DE102020212898A1 - Method and device for operating a system for injecting water into an intake manifold of an internal combustion engine - Google Patents

Abstract

The invention relates to a method and a device for operating a system for injecting water into an intake manifold (11) of an internal combustion engine. In a normal operating phase, the system injects a specified quantity of water in synchronism with a combustion process of the internal combustion engine, depending on the operating state of the internal combustion engine. In a special operating phase, the specified quantity is increased compared to the normal operating phase.

Description

State of the art

The invention is based on a method and a device according to the species of the independent patent claims. It is already known that the properties of the combustion taking place in the combustion chamber are improved by injecting water into a combustion chamber of an internal combustion engine. In this case, water can be injected into an intake manifold of the internal combustion engine and the injected water is introduced into the combustion chamber by the air flow in the intake manifold.
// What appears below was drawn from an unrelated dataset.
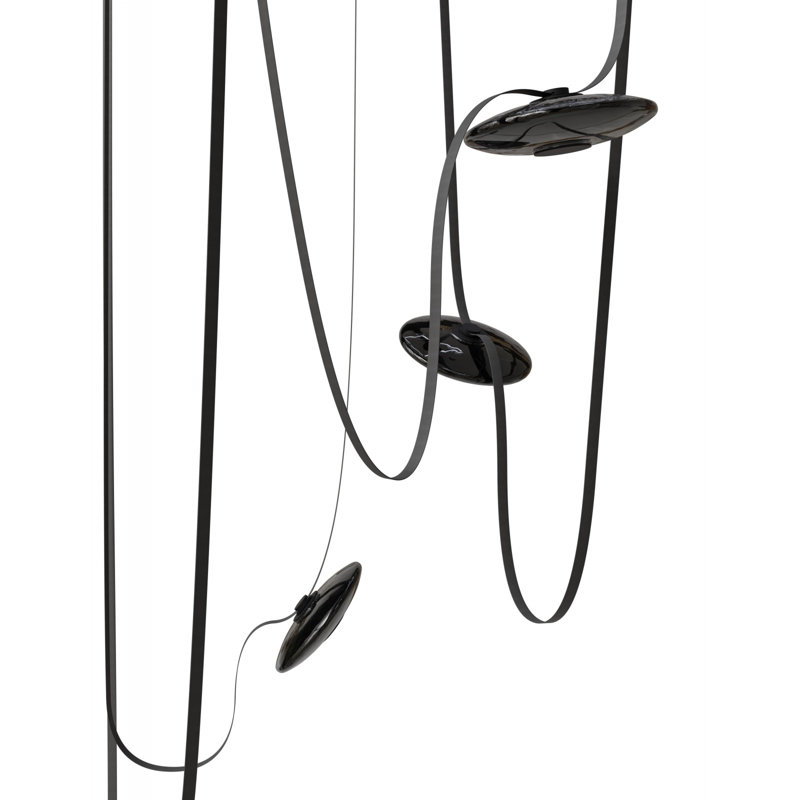 Luminaire suspendu 5 lumières l 551 po Fremont ceinture en noir / disque en verre fumé, 5 lumières, Noir, H 551 po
Advantages of the Invention

In contrast, the method according to the invention and the device according to the invention have the advantage that an increased injection quantity of water is permissible in a special operating phase. This increased injection quantity can be used in particular to optimize the water injection system. Improved operation of the system for injecting water into an intake manifold of an internal combustion engine can thus be implemented.

Further advantages and improvements result from the measures in the dependent patent claims. By limiting the increased quantity for a specified number of combustion processes, it can be ensured that the combustion in the combustion chamber is not impaired. Alternatively, this can also be realized by an alternating operation, in which the quantity is alternately increased for a first combustion process and the quantity of the normal operating phase is used again in an immediately subsequent combustion process. The deposit of the water on the wall of the suction pipe (wall film) is taken into account in particular when determining the increased quantity. An increased quantity can thus be selected which does not cause any deterioration in the combustion process. The increased quantity is determined in a particularly simple manner by determining an influence of the increased quantity on a torque generated during combustion and comparing it with an expected torque. It can thus be ensured that, despite the increased quantity, the operation of the internal combustion engine is not impaired. The engine operating point (speed, load, ignition point) and the engine temperature are particularly important when determining the permissible increased quantity. Determining the wall film that has actually accumulated also depends on the operating point, as well as on the medium and intake manifold temperature.

The special operating phase during filling of an empty system with water is particularly useful. Due to the increased quantity, the system can be filled with water particularly quickly and safely. Furthermore, the special operating phase can be used to diagnose the system. Due to the increased quantity, an improved diagnosis of the system for injecting water can be implemented, in particular in the case of a diagnosis by evaluating a pressure curve or a differential pressure caused by an injection.

character list

• 1 ein System zur Einspritzung von Wasser in ein Saugrohr einer Brennkraftmaschine,
• 2 Verfahrensschritte bei der Befüllung eines Systems zur Einspritzung von Wasser in ein Saugrohr einer Brennkraftmaschine, und
• 3 Verfahrensschritte bei einer Diagnose eines Systems zur Einspritzung von Wasser in ein Saugrohr einer Brennkraftmaschine.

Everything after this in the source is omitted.